Al programa habían acudido solamente
los progenitores y dos de sus hijos, de dieciséis y de cinco años. Pero la
familia era numerosa: cinco hijos y tres de los abuelos bajo el mismo techo.
Desde por la mañana habían sido agasajados con visita guiada al centro de
televisión y comida gratis.
A media tarde, en cuanto se encendía
una lucecita roja, el programa estaba en antena. El presentador de turno se las
ingenió para que la madre fuera relatando las calamidades por las que pasaba la
familia. El niño más pequeño, asustado, se agarraba a las piernas de su padre y
el mayor asentía a cada hecho que esta relataba. Por su parte, el padre ponía
cara de consternado, como dando por bueno todo lo que allí oía. Alguna vez
incluso apostillaba para redondear la ambientación penosa de su estado.

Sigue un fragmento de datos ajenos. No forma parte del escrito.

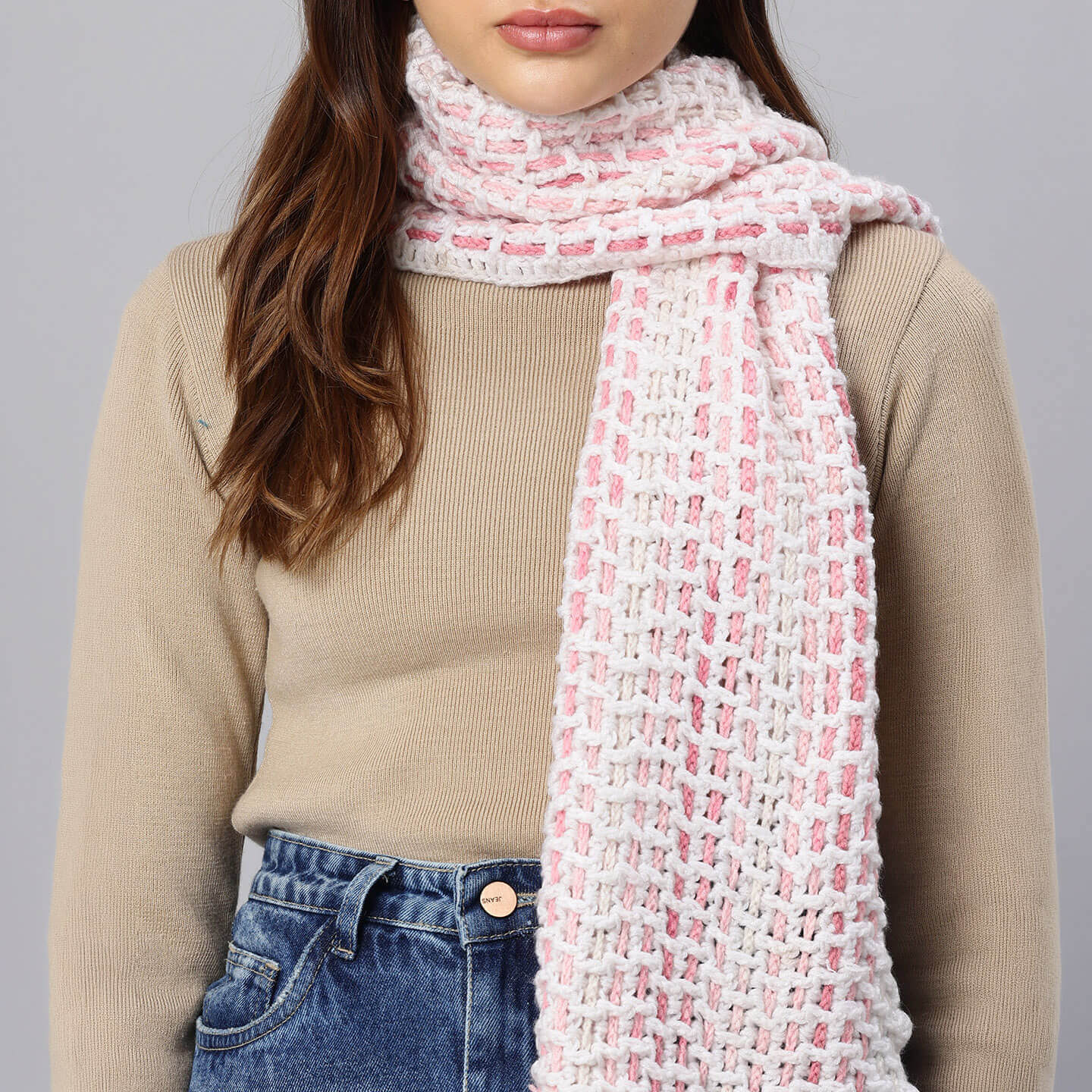 Handmade Crochet Net And Lace Scarf With Tassels - 10634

Los espectadores no tardaron en poner
también cara de circunstancias y, a los diez minutos, ya se veían lágrimas
resbalando por muchas mejillas. El ambiente se iba humedeciendo con la cara de
la desgracia como envolvente; el silencio se adensaba y se escuchaban suspiros
en el fondo de las gradas.
El programa estaba consiguiendo lo
que buscaba: presentar la cara más lastimera de la realidad y mostrar la buena
nueva de la caridad como soplo de esperanza para los más necesitados.

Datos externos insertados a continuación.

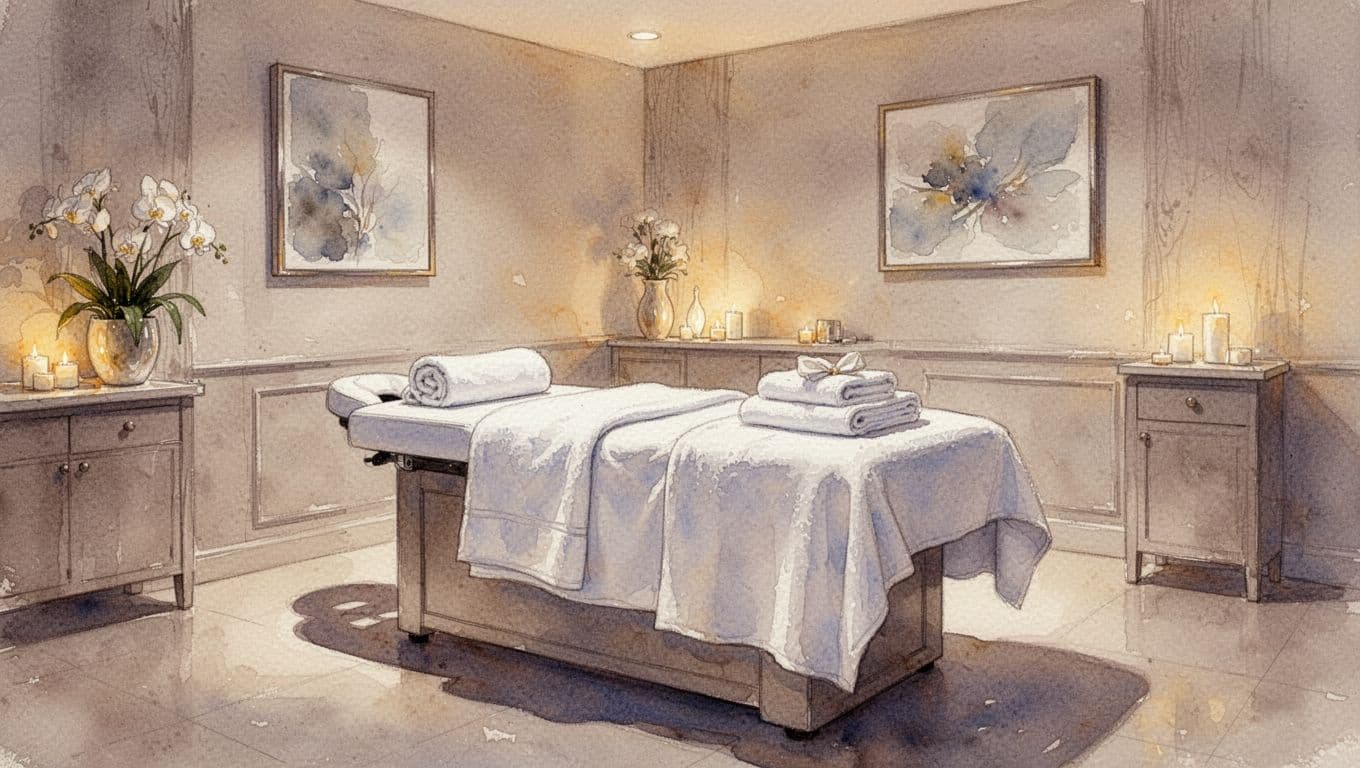 Peaceful spa room in watercolor style with massage table, soft towels, and warm ambient lighting.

El momento culminante se produjo
cuando el presentador anunció una llamada telefónica desde el exterior. Alguien
se ofrecía para paliar aquella situación de necesidad y de pobreza con una
cantidad respetable de dinero. De ese modo aliviaría a la familia y también su
conciencia. Para eso servían los actos de caridad.
La familia lloraba, los espectadores
hacían otro tanto y los pucheros y jipíos del niño se hicieron más intensos, el
aplauso se hizo estruendoso. El clímax estaba logrado y la catarsis general
también. Lástima que solo faltara una cosa que no era fácil conseguir con aquel
formato de programa y con aquella escala de valores: extender este hecho a
todos los necesitados. Es el precio que hay que pagar cuando se confunde la
caridad con la justicia, el derecho de todos con el óbolo del día de la
estampita, la sana rebelión con el tendrá que ser así porque siempre ha sido así.
Ante el televisor había muchas otras
familias que miraban y lloraban, admiradas por la caridad y la buena voluntad
de algunas personas, pero se preguntaban si no les podía tocar a ellos también.
Seguramente pensaban que lo que veían estaba bien pero preferían ser tratados
desde la justicia mejor que desde la caridad, desde los derechos mejor que
desde la conmiseración, desde la igualdad de oportunidades mejor que desde las
migajas que acallan hambres y conciencias solo por un rato.
Algún espectador pensó que, mientras
llegaba o no la justicia, buena era la caridad, porque los hechos no podían
esperar; no obstante, se le hacía cuesta arriba ver de qué modo se tapaba una
situación permanente de falta de justicia con un arreón momentáneo de caridad. Y
cortó la tele y se fue a pasear pensando lo que había visto.